SIR

SIR

SIR

 

“Men ene ve ma ente?  (Ben kimim, sen kimsin?)”   

Sır….

Bilinenin ötesinde, bilinenin gölgesinde kalan…

Sır…

Dudaklarda bir uçuk, yüreklerde bir buruk ve nihai sevdalarda bir anlık duran…

Sır…

Dalgaların eşiğinde, Azrail’in döşeğinde ve görünmeyen bir cevherin kavşağında bizi bekleyen…

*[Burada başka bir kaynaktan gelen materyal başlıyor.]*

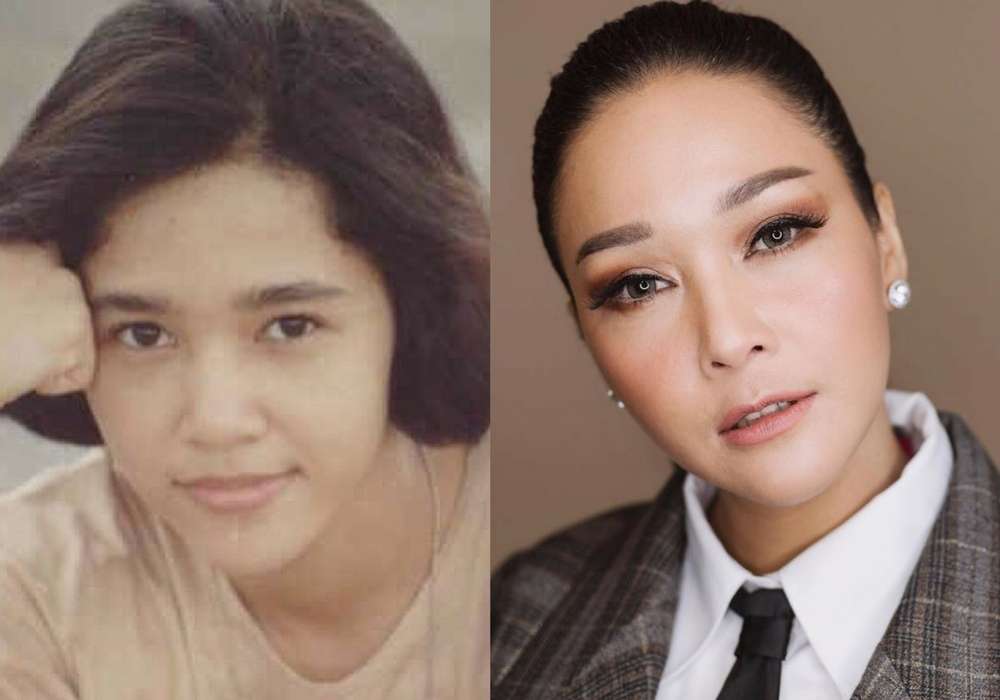 10 Potret Artis Sebelum VS Sesudah Mengenal Perawatan, Cita Citata Beda Banget!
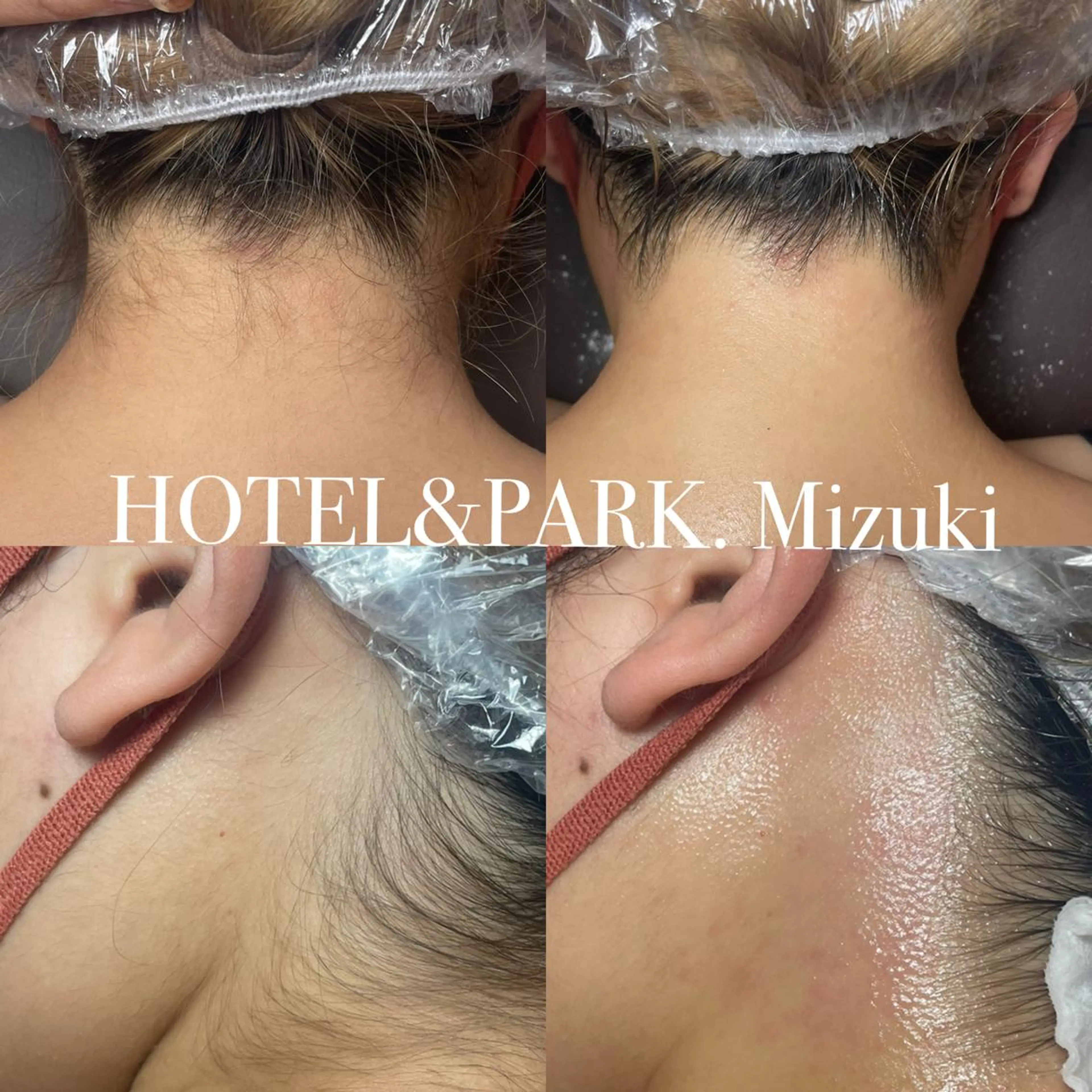 HOTEL&PARK . ワックス脱毛のエステ・リラクイメージ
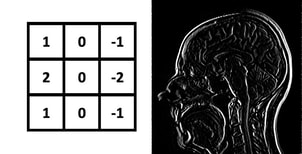 Left-right sobel kernel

Ya neydi sır? Tuzaklardan uzak, ıraklardan daha yakın mıydı, ötesine hiç varamadığımız ve sebeplerini hiç aramadığımız o mukaddes veyahut mukadderat timsali sır? Yorgunluk belirtircesine, hayalleri delirtircesine ve dimdik ayakta dururken bile tir tir titretircesine bir efsane miydi, bir gizem miydi, ya neydi bu sır? Sırra vâkıf olmak akıl kârı, sırrı arayıp bulamamak da deli dolu gibi bir şey galiba! Ne özlemdi oysa, özlenen bilirken özlendiğini; özleyen dahi bambaşka sırlara tâbi…

Sır?

Men’den çıkacaksın yola, yol dediğin upuzun olacak. Eğri büğrü, sağlı sollu ve tedirginlik barındıracak ayrıca! Hedef dairesine aldığın mukaddes cümleyi; her zerrenle, her katrenle ve her uzvunla zikredeceksin, dilin lâl olana kadar! Men’den bıkmayacak, sıkılmayacak ve hiçbir zaman vazgeçmeyeceksin. Mecbur hissedeceksin kendini Men’e. Yapamayacaksın, duramayacaksın, kurtulamayacaksın ve kaybettiğinde hiçbir zaman bulamayacaksın Men’i.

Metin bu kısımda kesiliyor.